Label

Pyramid Valley Vineyards

Waipara ValleyNew Zealand

Pyramid Valley Vineyards produces single-vineyard Pinot Noir and Chardonnay from biodynamically farmed land in North Canterbury, with a reputation for wines of unusual precision and age-worthiness by New Zealand standards.


History

Pyramid Valley was established in the early 2000s by Mike and Claudia Weersing, Americans who identified a limestone-rich site in the Waikari area of North Canterbury and planted it with the conviction that the ground could produce Burgundian-scale Pinot Noir and Chardonnay. Mike Weersing had studied wine seriously in Europe and came to New Zealand with a clear idea of what he was looking for: specific geology, a cool climate, and the freedom to farm without compromise. The estate they built was small and uncompromising from the start, gaining a following among collectors in New Zealand and export markets, particularly in the United States and Japan, before most of the country's critics had fully caught up.

In 2019, the Weersings sold Pyramid Valley to a group of investors, and the winery entered a new chapter. The transition attracted attention partly because the founders had been so central to the estate's identity and methods. The new ownership retained the established vineyard names and continued the single-site approach, but the change was significant enough that collectors treat pre- and post-sale vintages as distinct eras. The wines reviewed here span both the late Weersing period and the early years under new ownership.

Vineyards

The home vineyard sits on limestone and clay soils in the Waikari sub-region of North Canterbury, at elevations that benefit from significant diurnal temperature variation. This part of Canterbury is drier and more continental in character than Marlborough to the north, with long ripening seasons that preserve acidity. The Weersings farmed biodynamically from an early stage, and that certification was held through their tenure. Whether the same certification and practices have been maintained in full under the current ownership is not clearly documented in publicly available sources.
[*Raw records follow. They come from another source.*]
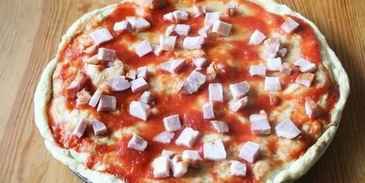 быстрая пицца в микроволновке с сыром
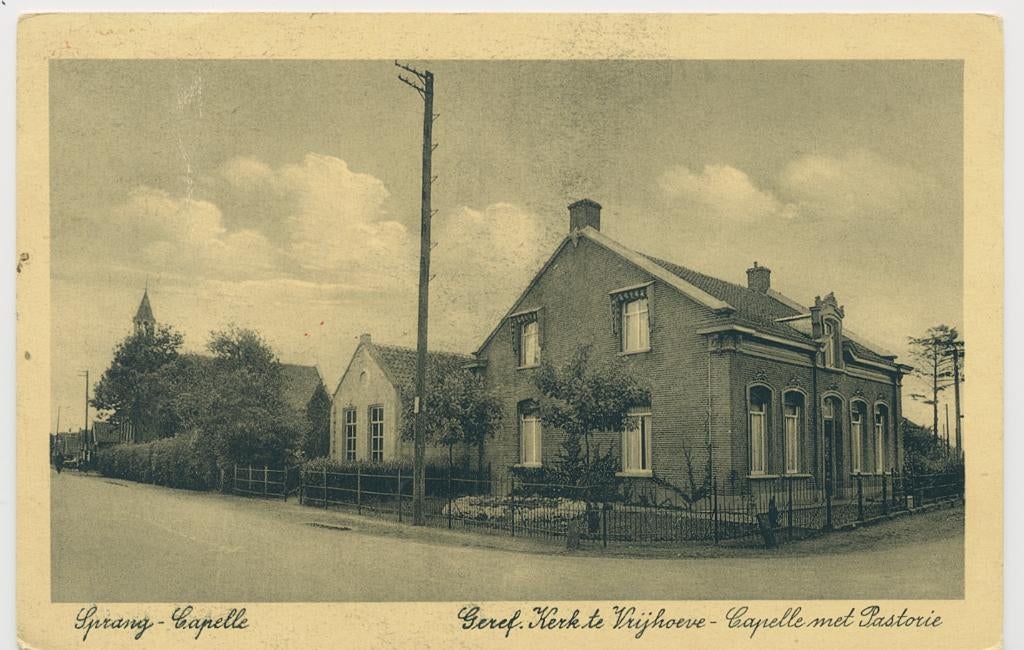 Vrijhoeve Sprang Capelle kerk met pastorie, Verzenden, 1920 tot 1940, Gelopen, Noord-Brabant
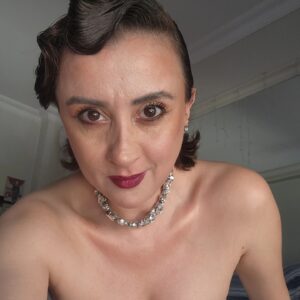 İrem Kahyaoğlu Instagram - Işıltı bizim işimiz..
#düğün #nişan #parlaktaş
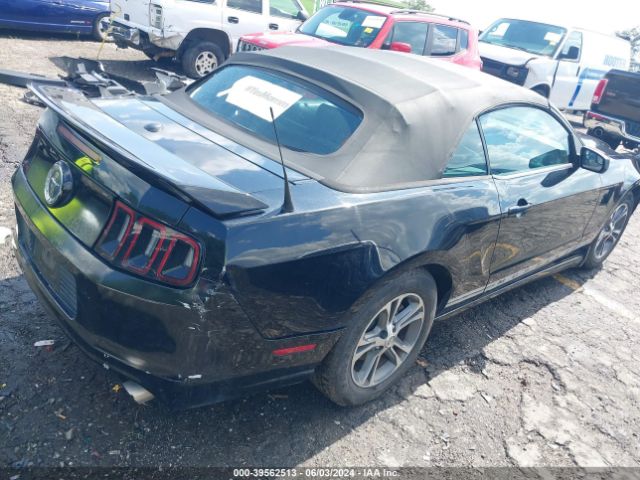 1ZVBP8EM2E5205597 Ford Mustang V6 Premium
The individual vineyard blocks have distinct names that carry through to the wines: Field of Fire and Lion's Tooth are Chardonnay sites; Angel Flower and Earth Smoke are associated with Pinot Noir. Each name corresponds to a specific planting rather than a blend across the property, and the wines are bottled separately to reflect those distinctions.

Winemaking

Under the Weersings, the winemaking was emphatically low-interventionist: native yeast fermentations, minimal additions, and extended aging in French oak, with a preference for older barrels that would contribute texture without overwhelming the fruit. Whole-cluster inclusion was used with the Pinot Noirs, and the Chardonnays were handled with the kind of restraint more common in Burgundy than in New Zealand at the time. The wines were typically unfined and unfiltered, or close to it.

The Sauvignon Plus, an outlier in the range, is a barrel-aged Sauvignon Blanc that deliberately steps away from the aromatic, unoaked style that defines New Zealand Sauvignon commercially. It is aged in oak in the manner of a white Bordeaux or a Pouilly-Fume with ambition, and it signals the estate's general indifference to category expectations. Across all the wines, the house style favors structure and longevity over immediate approachability, and the top Pinot Noirs in particular have shown strong development in bottle over five or more years.